Marketers today, navigate a large and complicated universe of information sources with no single source of truth. Some of the factors precipitating this environment are:
- The convergence of technology into handheld devices seamlessly merging the digital world and physical world shaping our experiences
- Availability of a continuous torrent of data about consumer’s behavior and reactions
- Large scale computing power in small desktops
- Application of statistical techniques to the enormous data
To understand how the above points manifest in everyday work lives of marketers, consider the following comparisons between the recent past (5-10 years) and now:
How did we learn about the best media and channels to reach audiences?

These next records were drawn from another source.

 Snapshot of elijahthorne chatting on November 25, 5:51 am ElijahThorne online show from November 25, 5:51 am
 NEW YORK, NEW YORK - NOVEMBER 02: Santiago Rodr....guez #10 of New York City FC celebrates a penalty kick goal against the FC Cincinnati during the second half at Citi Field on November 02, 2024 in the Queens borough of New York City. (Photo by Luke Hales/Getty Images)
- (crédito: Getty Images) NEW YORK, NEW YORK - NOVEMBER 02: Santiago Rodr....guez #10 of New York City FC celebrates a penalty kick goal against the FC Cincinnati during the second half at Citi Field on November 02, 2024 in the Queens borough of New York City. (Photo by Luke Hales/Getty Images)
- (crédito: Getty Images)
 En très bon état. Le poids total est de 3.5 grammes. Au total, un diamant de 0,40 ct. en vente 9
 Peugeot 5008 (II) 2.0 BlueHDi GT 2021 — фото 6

Whereas we relied on syndicated sources for getting viewership data on TV, Newspapers and Magazines, in today’s digital world, every popular channel has its own analytics platform which assails you with graphs, charts, and metrics to prove their efficacy. Sample this: Facebook Insights, YouTube Analytics, DFA Reports, Twitter Analytics, Ad Words Reports, Comscore, and NetRatings - it is a long list if not endless. And this is without accounting for the onslaught of mobile specific analytics which is already flooding us.

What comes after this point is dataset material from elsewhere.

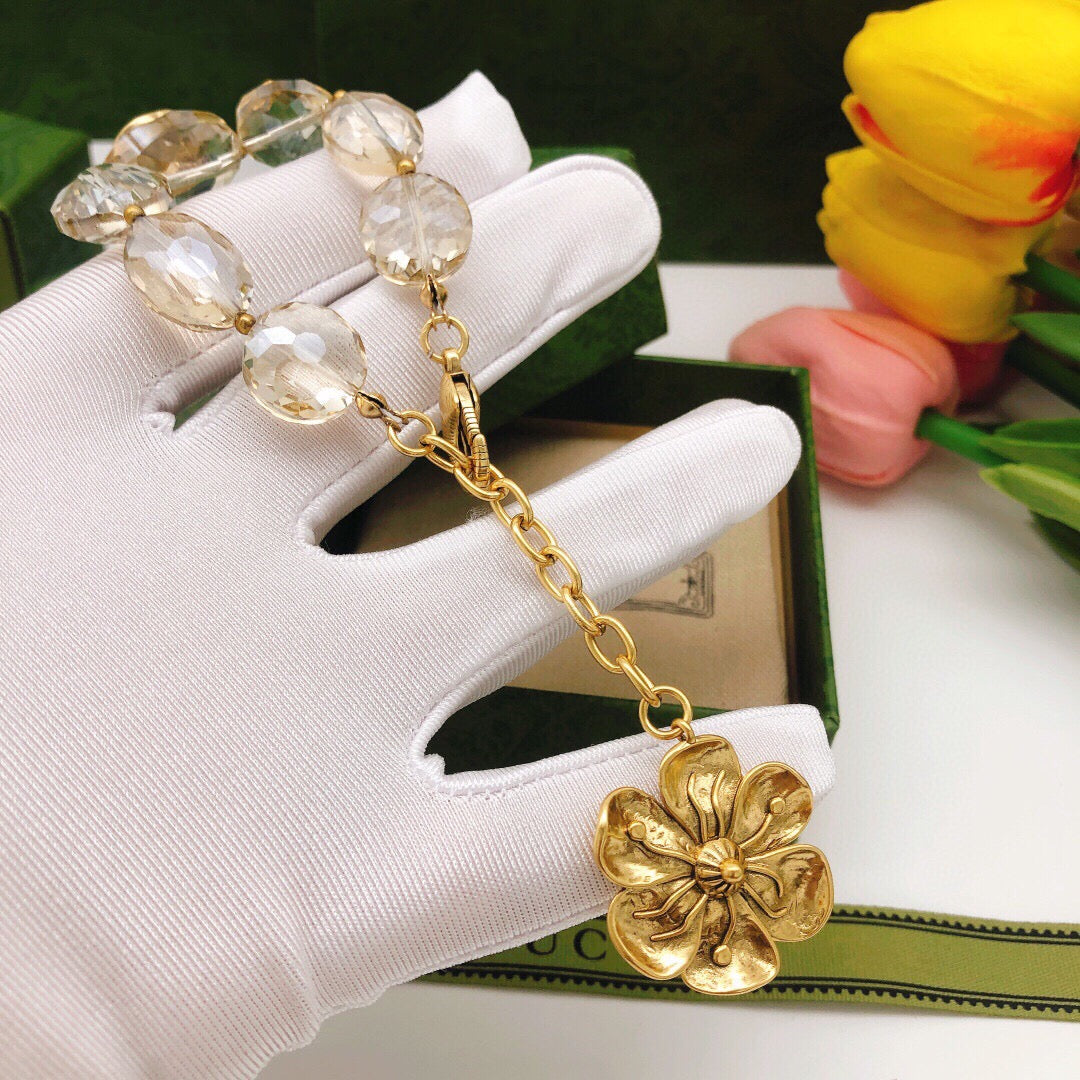 Double-G Emblem Bracelet in Polished Metal-Tone – Vintage Detail close-up detail
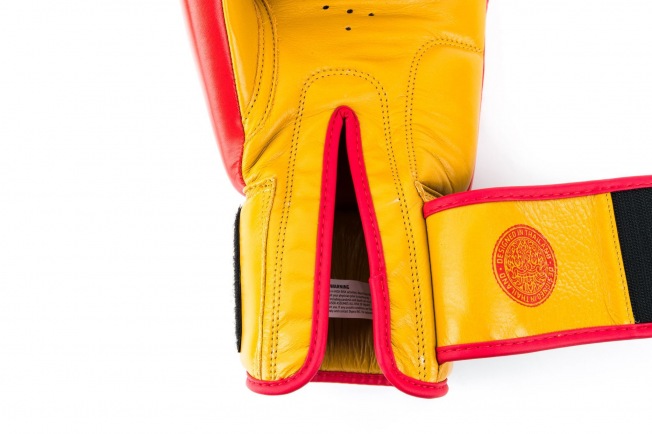 Боксерские перчатки UFC Premium True Thai - Red | Фото 12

How did we learn about the consumer buying behavior, lifestyle, attitude and habits?
We commissioned researches, brand tracks and qualitative studies where consumers shared information voluntarily. Today we speak of social listening, cookie level data, Acxiom, Rx databases, browsing behavior, visual tracking, location based services and what not.
How do we use data from channels and consumers?
Until recently, large scale data mining on server based data warehouses was exclusively the territory of Telecoms, Financial Services and Retailing Giants. Enter Cloud Computing! Location independent access to beautifully packaged dashboards has empowered marketers with scarily accurate information about their customers– will the customer redeem the coupon? Will the e-mail be opened? How many footfalls will I get from an activity? Applying advanced analytics to voluminous information databases has simplified considerably (if still not to a desirable level)
Has the role of statistics in advertising evolved at the cost of psychology?
5-10 years ago, the Planner’s word on customer insight was gospel. You were more likely to rely on Maslow’s hierarchy than Pearson’s correlation. Hardly any agency had an Analytics team. Today, we are hard pressed to find an agency of stature which does not pay for SAS, SPSS or a similar tool’s subscription. The Planning Team almost always seeks the support of data to back pre campaign, on-going and post campaign decisions.
I reiterate what I began with- there is no single source of truth or method of decision making. A marketer’s intuition is not replaced by data – it is born from data. Planners and brand managers have always assimilated data from their environment, created models, interpreted results and acted on them. Our ecosystem today has made this process more structured, visible, executable and reliable.